ZFS Writeback Cache with LVM Caching

Dzeri, 04-04-2021, Storage

Using LVM to add extra caching to ZFS in Linux

Linux, LVM, Storage, ZFS

Use case

I got a somewhat old second-hand PC from a friend which I decided to turn into a NAS/Home Server, onto which I'd let my devices backup. I have two 1TB 7200rpm HDDs from WD and one Sabrent 256GB NVMe SSD. I wanted to use btrfs or ZFS over plain RAID1 because they protect against bit rot in addition to drive failure, and have features like snapshotting, deduplication and encryption. I plan on making incremental backups of my laptop and my Raspberry Pi hosting Nextcloud every week or so, meaning that I don't expect big sequential write sessions after the initial full backups have been conducted.

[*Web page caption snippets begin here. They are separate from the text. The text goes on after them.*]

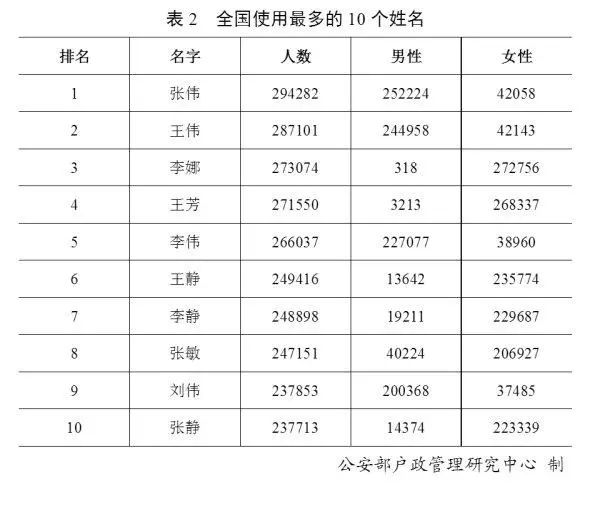 陈姓人口数量_陈氏人口是怎样来广东的(3)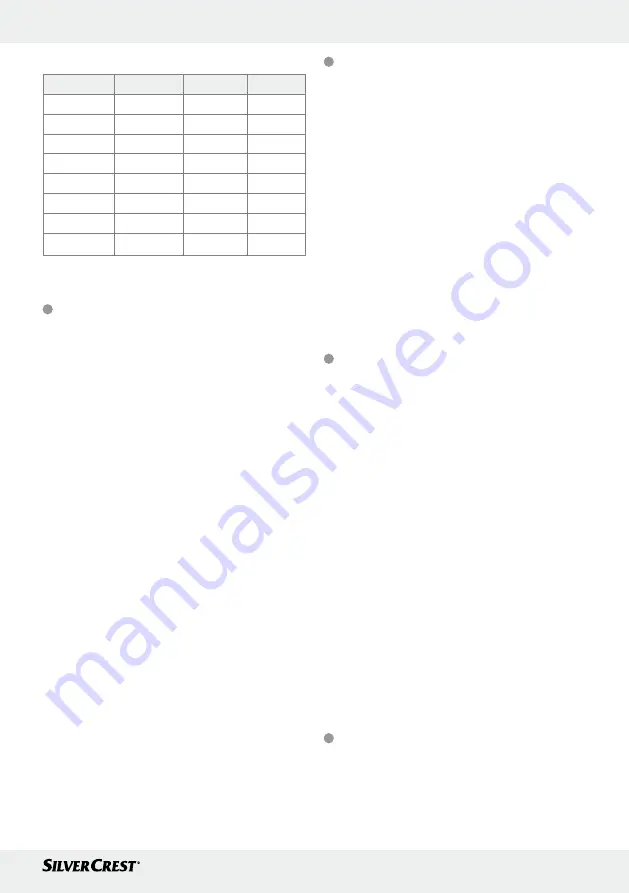 Silvercrest SBF 76 Operation And Safety Notes Download Page 61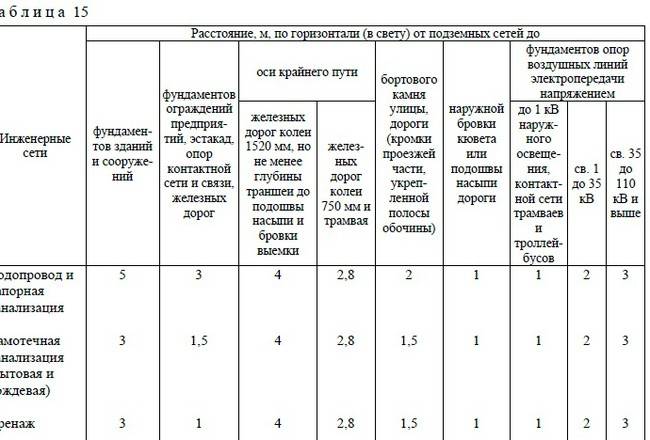 Градостроительство - охранные зоны наружных инженерных сетей - cadsupport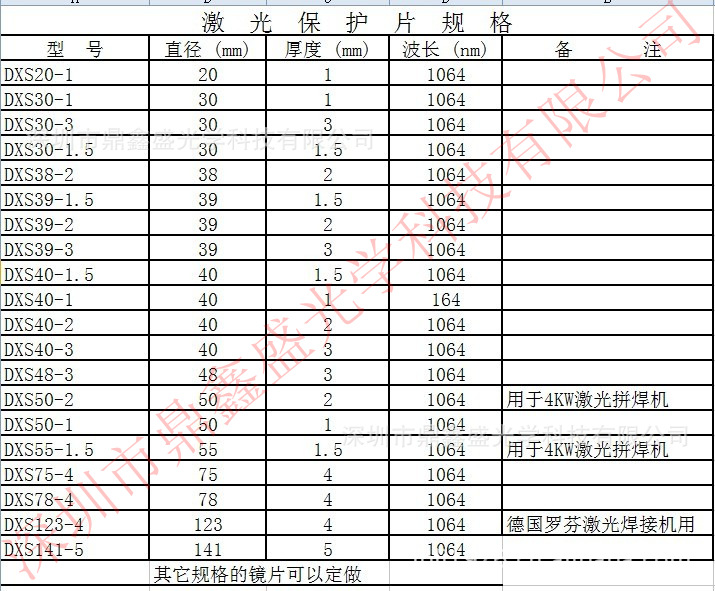 激光保护镜片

Now, using just the two HDDs on their own would be fine on my civilian barely-gigabit network, but I want to make use of the insanely fast NVMe drive by turning a part of it into a cache, both for writing and reading. If you are unfamiliar with writeback caches, the idea is that you have a smaller volume from which you can read, and write to very fast. This data is eventually transferred to your slow drives, meaning that you get the speed and resilience at the same time, provided you don't transfer more than you cache can handle at once. Also, if you use some files frequently, your computer wouldn't have to fetch them from the slow drives each time, which is a big deal because random reads are the biggest bottleneck when it comes to traditional spinning-platter HDDs.

Issues and criticism

Chances are you've already seen some internet discussions where people criticize this setup because "the use case is just not there", "it's overkill", "you still have the x bottleneck" and so on. Well damn it this is my blog, and I still believe it's worth doing!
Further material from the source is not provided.